Work instructions
Copy the listing that follows exactly. Its pictures do not belong in the copy.
○ ○ ○ ○ ○ ○ ○
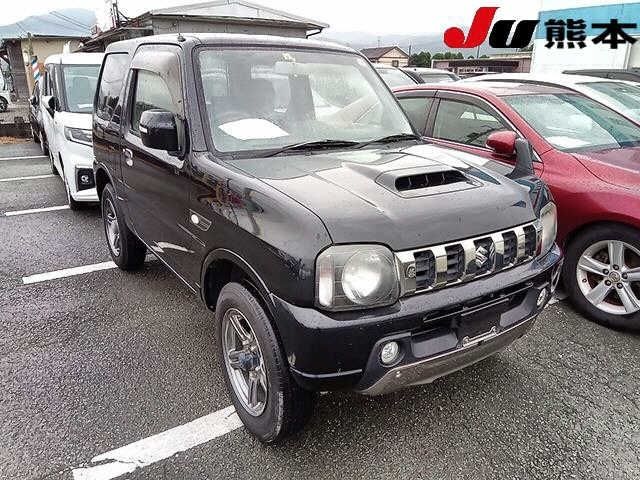 2031 Suzuki Jimny JB23W 2014 г. (JU Kumamoto)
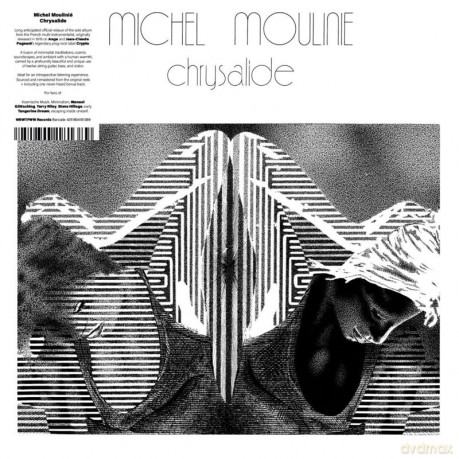 Moulinie, Michel: Chrysalide [Winyl]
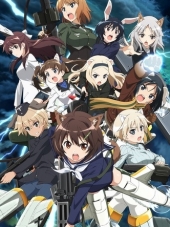 Отважные Ведьмы / Brave Witches [2016, 720] [TV]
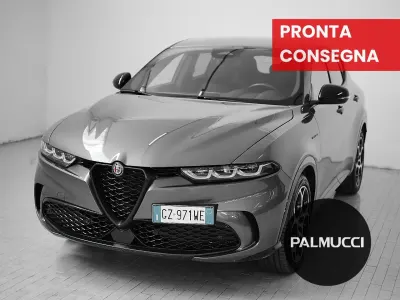 Usata Alfa Romeo Tonale Veloce 160 CV (117 kW) 2025 Grigio SUV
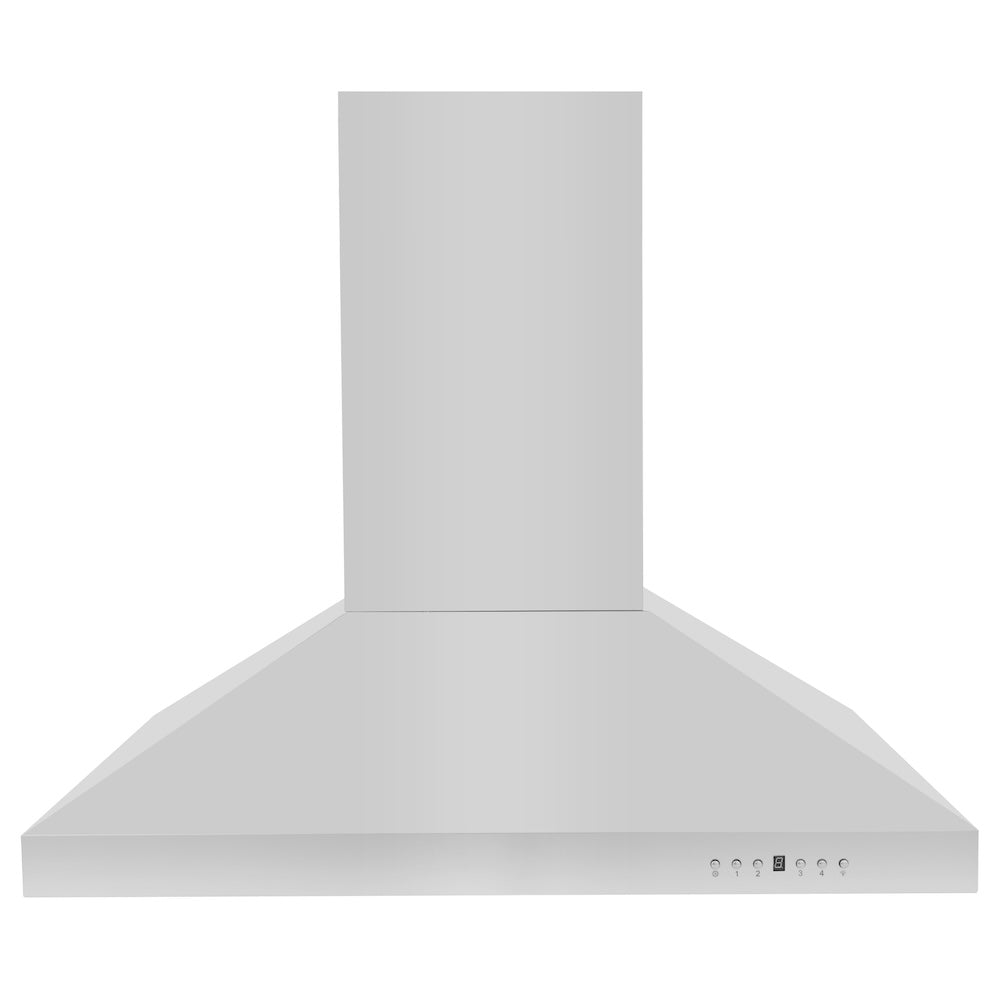 ZLINE 30 in. Convertible Island Mount Range Hood in Stainless Steel (KL3i-30)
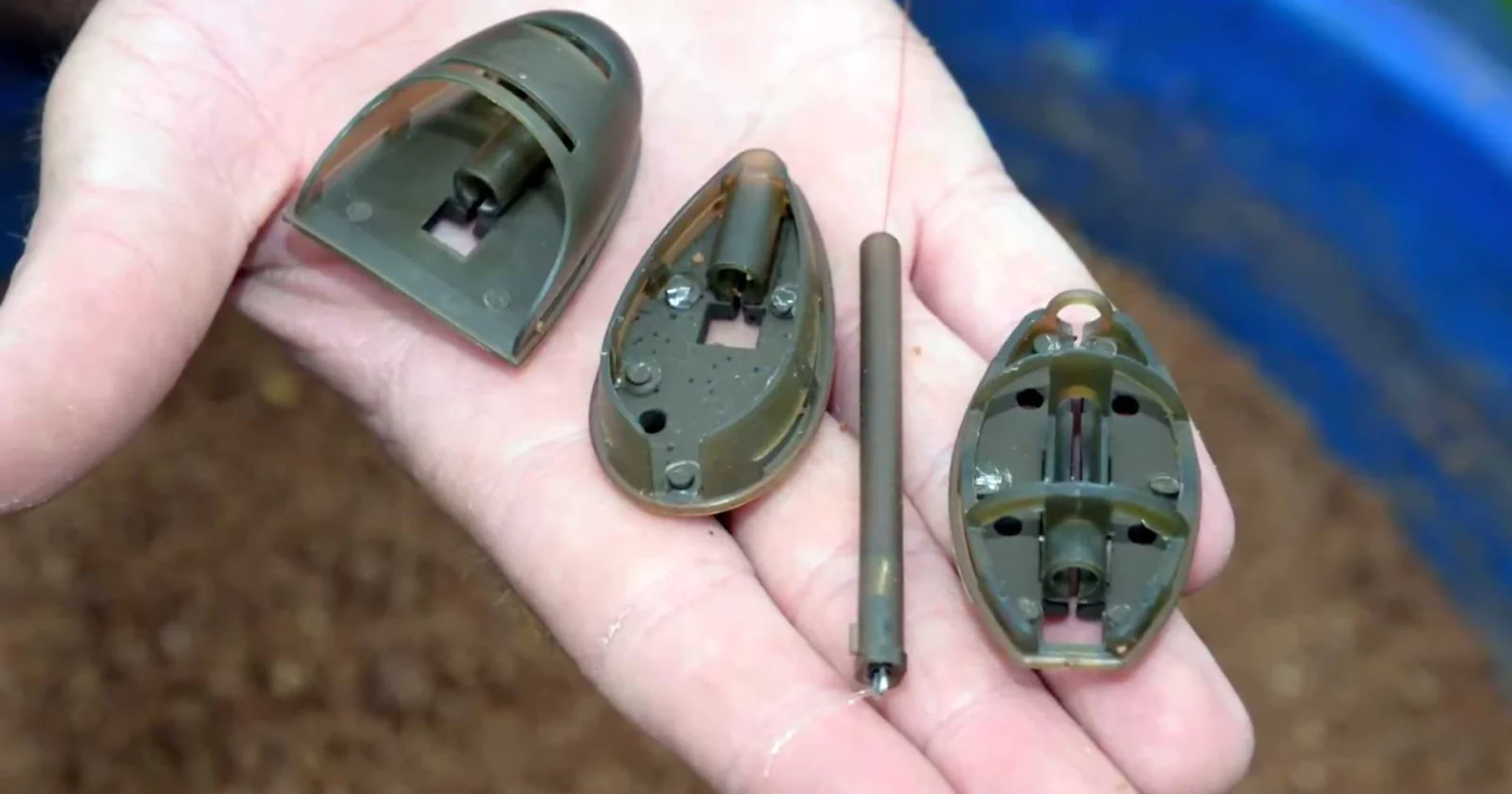 CRESTA Method Feeders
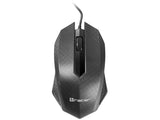 Tracer Click mus Spil USB Type-A Optisk 1000 dpi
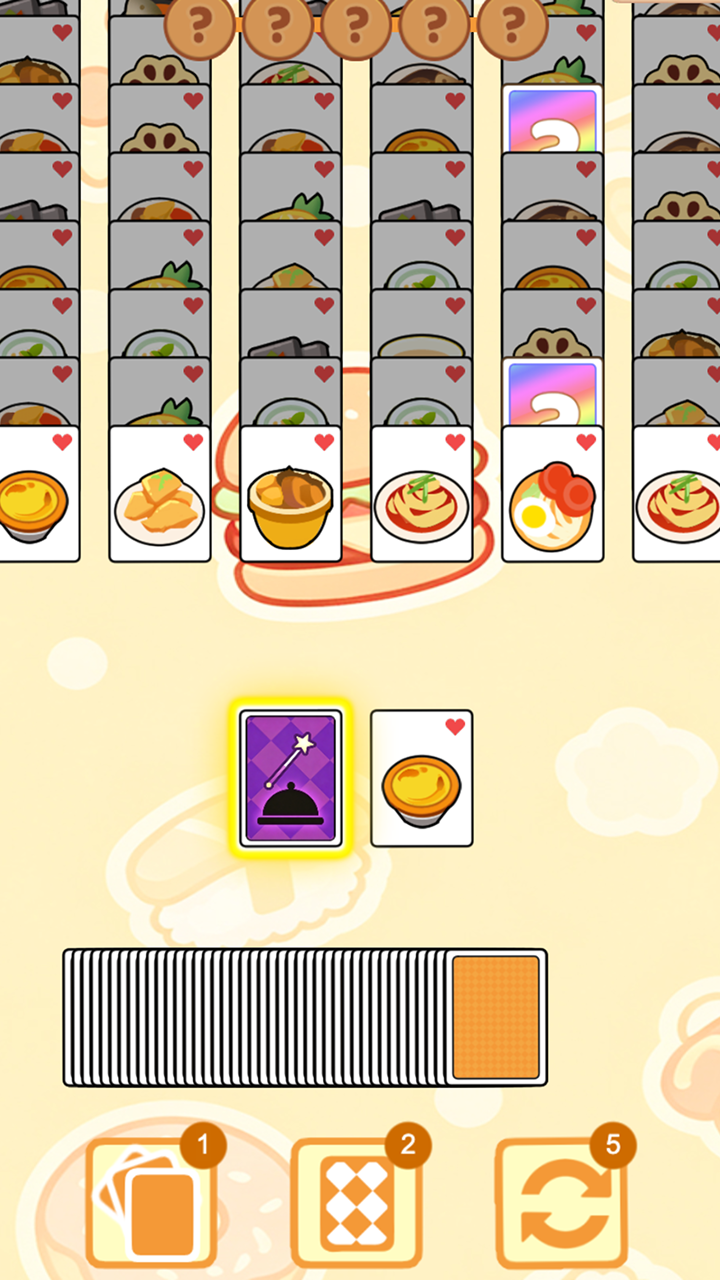 Food Card Match screenshot 5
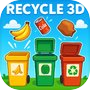 Icon of Recycle Game 3D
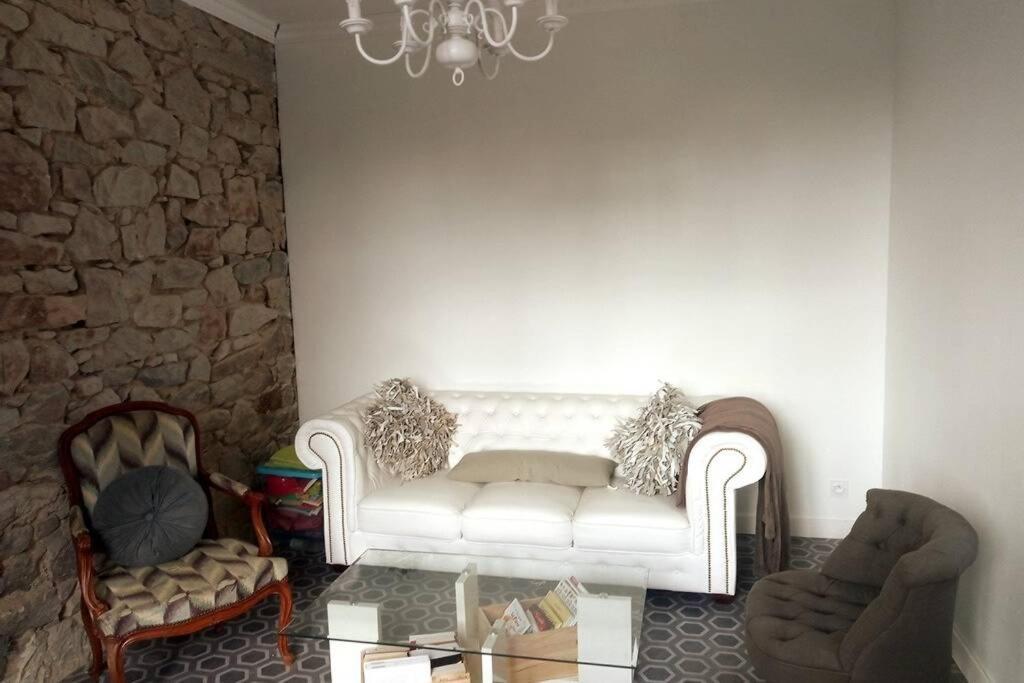Kermaravel, Le Petit Manoir En Bord De Mer. Saint-Pol-de-Leon Luaran gambar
○ ○ ○ ○ ○ ○ ○
Final answer
 2031 Suzuki Jimny JB23W 2014 г. (JU Kumamoto)
 Moulinie, Michel: Chrysalide [Winyl]
 Отважные Ведьмы / Brave Witches [2016, 720] [TV]
 Usata Alfa Romeo Tonale Veloce 160 CV (117 kW) 2025 Grigio SUV
 ZLINE 30 in. Convertible Island Mount Range Hood in Stainless Steel (KL3i-30)
 CRESTA Method Feeders
 Tracer Click mus Spil USB Type-A Optisk 1000 dpi
 Food Card Match screenshot 5
 Icon of Recycle Game 3D
Kermaravel, Le Petit Manoir En Bord De Mer. Saint-Pol-de-Leon Luaran gambar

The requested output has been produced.